A Mangled Affair - Part II

I was disappointed to learn that I’d need a science credit to earn my degree at Boston University, but the lady in the registrar’s office assured me that I’d be in for a big surprise if I enrolled in a specific Geology class. I had no idea what she meant until a week later, when I met my professor.

THIS IS PART 2 of a SIX-PART STORY

Part 1 | Part 2 | Part 3 | Part 4 | Part 5 | Part 6


 

I can’t pretend that I didn’t have something bordering on arrogance when it came to having to take a geology course just to get the goddamn credit. I was older (not quite thirty), a single mom, and I didn’t have time for that sort of BS. But I had no choice. If I wanted to graduate, I’d have to learn about plate tectonics, rocks, earth. 

The class was held at night. The first time I went it was cold out, so I threw an old white fur coat I had inherited from my mother over my shoulders and sauntered into the lecture hall, taking a seat in the back. I didn’t look at the lecturer straight off, but I heard his voice -- warm, gruff, humorous -- and realized the whole class was laughing at something he’d said. When I finally settled myself and looked up, I saw a slim, handsome, middle-aged man in jeans and tan work boots pacing back and forth at the front of the hall. He had unruly blond hair, one cowlicky piece standing up like a flame at the crown of his head. His pants were rolled unevenly: I caught a glimpse of red sock that for some reason made me want to swoon. He looked more like someone who worked on a ranch in Montana than a college professor. 
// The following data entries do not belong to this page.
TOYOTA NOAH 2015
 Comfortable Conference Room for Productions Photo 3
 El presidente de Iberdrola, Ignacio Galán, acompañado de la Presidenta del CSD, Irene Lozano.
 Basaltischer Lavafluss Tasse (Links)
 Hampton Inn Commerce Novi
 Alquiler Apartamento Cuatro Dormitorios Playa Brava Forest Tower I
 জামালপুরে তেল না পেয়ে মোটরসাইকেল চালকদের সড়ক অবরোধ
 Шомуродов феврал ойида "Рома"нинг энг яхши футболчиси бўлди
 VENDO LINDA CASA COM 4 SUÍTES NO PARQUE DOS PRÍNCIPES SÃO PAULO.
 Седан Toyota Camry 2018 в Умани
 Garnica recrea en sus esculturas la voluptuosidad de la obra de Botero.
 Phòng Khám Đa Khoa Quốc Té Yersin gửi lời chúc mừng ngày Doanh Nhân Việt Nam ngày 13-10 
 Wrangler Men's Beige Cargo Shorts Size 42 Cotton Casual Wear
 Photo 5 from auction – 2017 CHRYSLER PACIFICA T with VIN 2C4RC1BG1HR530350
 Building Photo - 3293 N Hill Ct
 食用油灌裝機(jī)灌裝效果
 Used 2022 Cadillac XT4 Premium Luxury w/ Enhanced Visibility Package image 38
The lecture hall was crowded -- this guy was popular! -- and I decided to move to the front at the break so I could hear better. I found a seat in the front row and opened the book I was reading, Middlemarch by George Eliot. The lecturer was standing right next to my desk. He had written a mathematical equation on the board, and nervously I asked just how much math would be required for this course.

He looked at me (his eyes seemed to look right through me) and laughed. “What you see there,” he gestured toward the board, “is all the math you’re gonna get.” Then he pointed at my book. “But if you can get through a novel like that, you can get through anything.” 

The remark seemed to set up a private little understanding between us.

I was older, closer to his age than most of the other students, and had already been through quite a lot in my life. From the look of his face, slightly battered, creases and worry lines marching across his cheeks, I could see he’d been through a lot, too. When I looked up his name in the catalogue, something I’d neglected to do earlier, I learned it was Dabney Withers Caldwell, which made a little bell go off way at the back of my head. It took a while for me to figure it out, but eventually I realized that Dabney Withers, my red-socked professor, was the son of famed southern writer, Erskine Caldwell. And with that piece of information, my fascination with the man soared.